A faster alternative would be to instruct random_name to put the return value in a variable with a name that's selected by the calling function, in this case create_temporary_directory. To do so, we use declare again, with the -n option. Then the caller needs to provide an extra argument when calling random_name: the name of the variable where random_name should store its return value:

function random_name() {
    declare -n _return_value="$1"

    printf -v _return_value "%x" $RANDOM
}

function create_temporary_directory() {
    declare -r base_dir="$1"
    declare name

    random_name "name"

    mkdir -p "$base_dir/$name"
}

This brings us a nice bit of encapsulation too, since both name and _return_value won't be available in other scopes than the functions in which they were declared.

Quoting variables

Just a quick note on the need to quote variables. Say you write mkdir -p $base_dir, without the quotes. Everything will be fine, unless the base_dir variable contains a string with a space character in it:

base_dir="build/some build/test"
mkdir -p $base_dir

Bash splits the string and interprets the mkdir command as follows:

mkdir -p "build/some" "build/test"

And this creates both build/some and build/test directories, not what we might have expected. To make sure that Bash considers base_dir as one argument, simply quote it.

Conclusion

I hope you've learned a few things about Bash and Bash functions. when I'm a bit further down the road I'll make sure to share more findings here. Also:

Bash Bash
Comments
This website uses MailComments: you can send your comments to this post by email. Read more about MailComments, including suggestions for writing your comments (in HTML or Markdown).
Bruce Weirdan

And how would you *use* those two functions? create* does not return the dir name, and random_name returns different name on each call. So caller doesn't have a way to actually get the dir name created, so they cannot use it.

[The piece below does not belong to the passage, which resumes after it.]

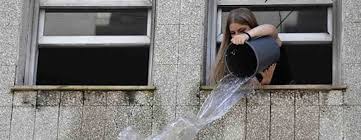 Conoce la "extra�a" tradici�n de tirar agua por la ventana para comenzar bien el A�o Nuevo - El Blog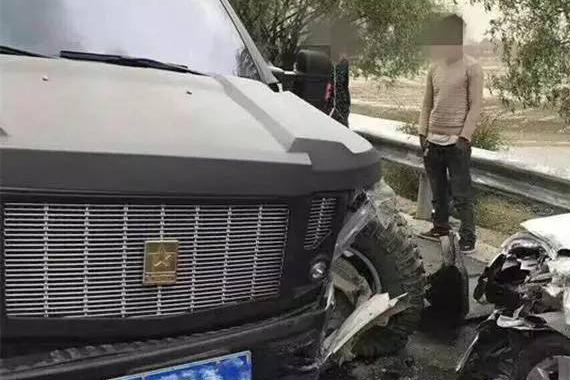 土豪被屌丝完爆！300万装甲车被10万元轿车撞断轴！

That's probably bad example to carry your point across. Unfortunately you've took pretty reasonable (apart from the global variable part, and missing trap) *resource acquisition* function, and made it bad resource acquisition function, vulnerable to race conditions. And, as you noted yourself, you didn't get referential transparency either.

mktemp is there for a reason, you cannot replicate it that easily. It guaranties that the directory was created (and not merely existed before), thus preventing race conditions. It also sets permissions appropriate for a temporary dir/file.

Matthias Noback

Thanks for some interesting insights. I was hoping to explain some things I learned about Bash programming, but I totally understand that I overlooked some big issues here. Besides from it just being a plain mistake that create_temporary_directory shouldn't ask for a random name itself.